What Is Big Data?
First of all, what is Big Data? In it’s purest form, Big Data is used to describe the massive volume of both structured and unstructured data that is so large it is difficult to process using traditional techniques. So Big Data is just what it sounds like – a whole lot of data.
The concept of Big Data is a relatively new one and it represents both the increasing amount and the varied types of data that is now being collected. Proponents of Big Data often refer to this as the “datification” of the world. As more and more of the world’s information moves online and becomes digitized, it means that analysts can start to use it as data. Things like social media, online books, music, videos and the increased amount of sensors have all added to the astounding increase in the amount of data that has become available for analysis.

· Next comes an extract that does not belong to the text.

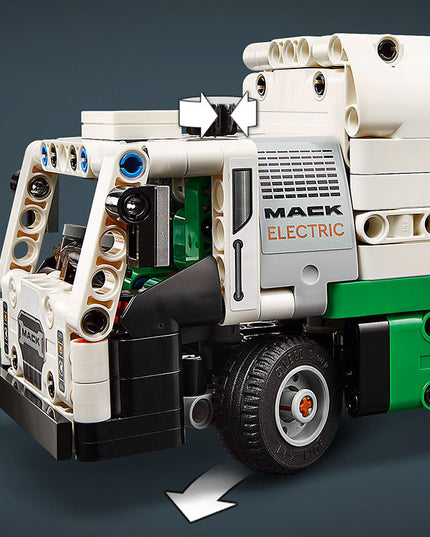 LEGO® Technic™ Mack LR Electric Garbage Truck Vehicle Toy 42167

Everything you do online is now stored and tracked as data. Reading a book on your Kindle generates data about what you’re reading, when you read it, how fast you read it and so on. Similarly, listening to music generates data about what you’re listening to, when how often and in what order. Your smart phone is constantly uploading data about where you are, how fast you’re moving and what apps you’re using.
What’s also important to keep in mind is that Big Data isn’t just about the amount of data we’re generating, it’s also about all the different types of data (text, video, search logs, sensor logs, customer transactions, etc.). In fact, Big Data has four important characteristics that are known in the industry as the 4 V’s:
- Volume – the increasing amount of data that is generated every second
- Velocity – the speed at which data is being generated
- Variety – the different types of data being generated
- Veracity – the messiness of data, ie. it’s unstructured nature
Based on the incredible amount, speed, variety and unstructuredness of the data we are now generating and storing, it’s no surprise that it quickly became unmanageable using traditional storing and analysis methods. This is where the term Big Data becomes confusing, because it is often used to refer to the new technologies, tools and processes that have sprung up to accommodate this vast amount of data.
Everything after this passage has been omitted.